Extracted records: Begin
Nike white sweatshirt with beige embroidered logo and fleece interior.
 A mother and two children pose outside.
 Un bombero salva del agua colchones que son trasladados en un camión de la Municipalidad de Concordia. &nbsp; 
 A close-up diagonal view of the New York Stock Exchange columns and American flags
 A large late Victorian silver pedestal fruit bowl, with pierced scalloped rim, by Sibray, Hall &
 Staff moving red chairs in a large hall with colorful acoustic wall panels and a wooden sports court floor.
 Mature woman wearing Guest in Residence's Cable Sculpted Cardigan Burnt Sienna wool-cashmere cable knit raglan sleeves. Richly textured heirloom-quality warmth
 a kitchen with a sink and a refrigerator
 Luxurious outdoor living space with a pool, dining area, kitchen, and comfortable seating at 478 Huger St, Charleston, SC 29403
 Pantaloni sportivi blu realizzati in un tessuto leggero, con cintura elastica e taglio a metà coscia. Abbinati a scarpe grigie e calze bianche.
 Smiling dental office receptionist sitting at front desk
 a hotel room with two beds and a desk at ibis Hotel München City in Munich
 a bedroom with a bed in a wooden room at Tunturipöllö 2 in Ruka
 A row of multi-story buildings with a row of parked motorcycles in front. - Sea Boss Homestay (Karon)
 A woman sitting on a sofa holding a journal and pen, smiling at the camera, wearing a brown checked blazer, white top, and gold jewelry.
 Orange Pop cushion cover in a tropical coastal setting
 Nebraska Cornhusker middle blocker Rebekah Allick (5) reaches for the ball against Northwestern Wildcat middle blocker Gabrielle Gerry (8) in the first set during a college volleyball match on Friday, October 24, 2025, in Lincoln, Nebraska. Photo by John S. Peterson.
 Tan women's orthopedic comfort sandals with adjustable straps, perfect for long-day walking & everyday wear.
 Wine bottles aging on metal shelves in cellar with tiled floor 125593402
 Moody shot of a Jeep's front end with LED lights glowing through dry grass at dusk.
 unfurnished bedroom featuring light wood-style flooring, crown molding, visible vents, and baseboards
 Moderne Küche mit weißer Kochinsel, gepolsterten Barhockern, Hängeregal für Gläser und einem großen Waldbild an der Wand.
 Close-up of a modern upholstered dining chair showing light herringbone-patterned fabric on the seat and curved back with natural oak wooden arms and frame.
Extracted records: End
## What the task requires
Without omitting any record, transcribe the data exactly.

## The completed task
Nike white sweatshirt with beige embroidered logo and fleece interior.
 A mother and two children pose outside.
 Un bombero salva del agua colchones que son trasladados en un camión de la Municipalidad de Concordia. &nbsp; 
 A close-up diagonal view of the New York Stock Exchange columns and American flags
 A large late Victorian silver pedestal fruit bowl, with pierced scalloped rim, by Sibray, Hall &
 Staff moving red chairs in a large hall with colorful acoustic wall panels and a wooden sports court floor.
 Mature woman wearing Guest in Residence's Cable Sculpted Cardigan Burnt Sienna wool-cashmere cable knit raglan sleeves. Richly textured heirloom-quality warmth
 a kitchen with a sink and a refrigerator
 Luxurious outdoor living space with a pool, dining area, kitchen, and comfortable seating at 478 Huger St, Charleston, SC 29403
 Pantaloni sportivi blu realizzati in un tessuto leggero, con cintura elastica e taglio a metà coscia. Abbinati a scarpe grigie e calze bianche.
 Smiling dental office receptionist sitting at front desk
 a hotel room with two beds and a desk at ibis Hotel München City in Munich
 a bedroom with a bed in a wooden room at Tunturipöllö 2 in Ruka
 A row of multi-story buildings with a row of parked motorcycles in front. - Sea Boss Homestay (Karon)
 A woman sitting on a sofa holding a journal and pen, smiling at the camera, wearing a brown checked blazer, white top, and gold jewelry.
 Orange Pop cushion cover in a tropical coastal setting
 Nebraska Cornhusker middle blocker Rebekah Allick (5) reaches for the ball against Northwestern Wildcat middle blocker Gabrielle Gerry (8) in the first set during a college volleyball match on Friday, October 24, 2025, in Lincoln, Nebraska. Photo by John S. Peterson.
 Tan women's orthopedic comfort sandals with adjustable straps, perfect for long-day walking & everyday wear.
 Wine bottles aging on metal shelves in cellar with tiled floor 125593402
 Moody shot of a Jeep's front end with LED lights glowing through dry grass at dusk.
 unfurnished bedroom featuring light wood-style flooring, crown molding, visible vents, and baseboards
 Moderne Küche mit weißer Kochinsel, gepolsterten Barhockern, Hängeregal für Gläser und einem großen Waldbild an der Wand.
 Close-up of a modern upholstered dining chair showing light herringbone-patterned fabric on the seat and curved back with natural oak wooden arms and frame.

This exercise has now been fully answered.